References are a popular feature of JSON Schema, but are also a feature that generates “why doesn’t this schema work” questions fairly regularly on the JSON Schema discussion group (https://groups.google.com/forum/#!forum/json-schema).

Starting with the assumption that the schema you are using is correct except for the references issues, understanding a bit about what the schema validation processor does can help work through the references related issues.

Issue: Remote references don’t quite work

  • My valid schema works fine, but my invalid schema always validates too, or,
  • If I paste the schema fragment into my main schema, it works, but not when I put the same thing in my reference schema.

When a schema validation processor encounters a reference, it will populate it with the content that is pointed to by the URI defined in the reference.

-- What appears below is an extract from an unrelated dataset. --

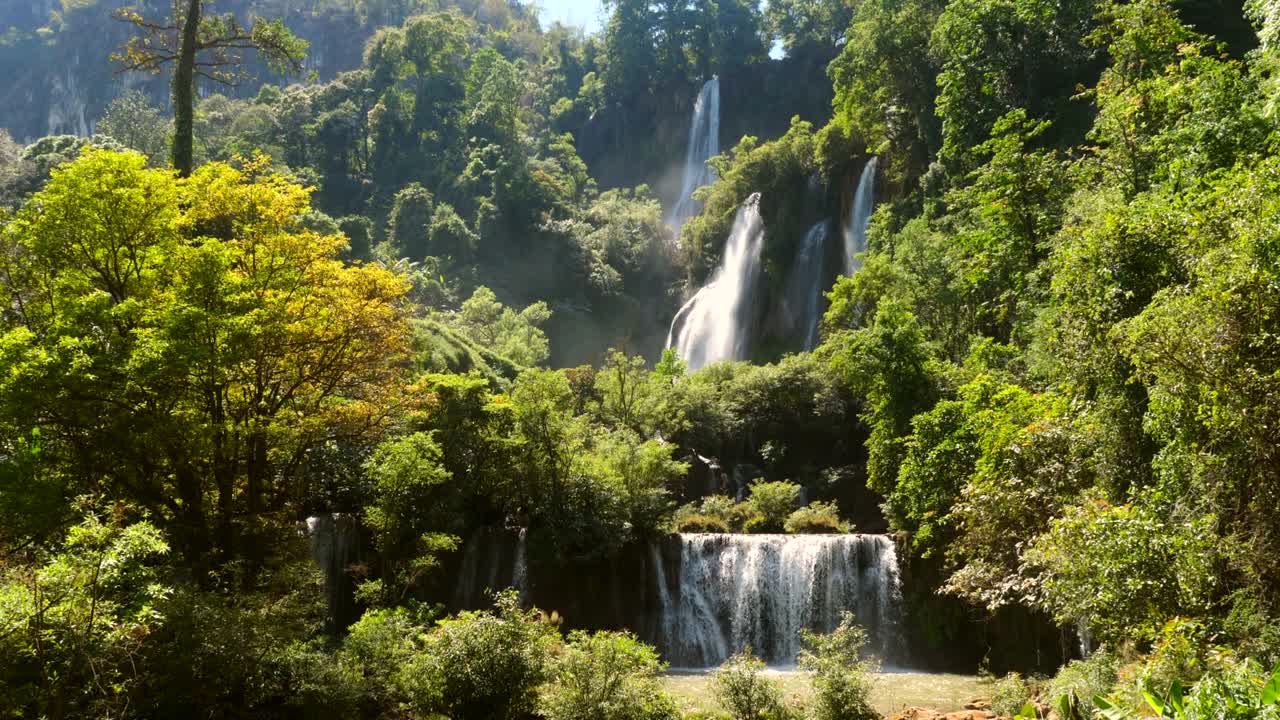 hermosa cascada en el verde bosque tropical. selva de montaña con cascadas de piedra caliza. famosa cascada más grande y más alta de tailandia. poderoso arroyo de agua blanca en furia. cámara lenta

If that URI can’t be resolved, what happens? The validation processor may place an empty schema ({}) at the location. This has the effect of allowing the validation to proceed, but making anything processed against the reference valid.

If you encounter this issue, the most likely cause is an error in the URI associated with the “$ref”, or the resource to deliver the URI content is not providing it (e.g. web location unavailable or other error).

  • Verify the “$ref” URI is formatted correctly, and the content is an exact match to the resource URI (no extraneous spaces or other characters).
  • Verify the “id” in the reference schema is at the root level and matches exactly.
  • Verify the URI resource is accessible through a different program (e.g. curl for a web URI).

Issue: The local “definitions” schema isn’t getting used

  • I have “definitions” in my schema, but the schema content don’t seem to be getting used through the local “$ref”.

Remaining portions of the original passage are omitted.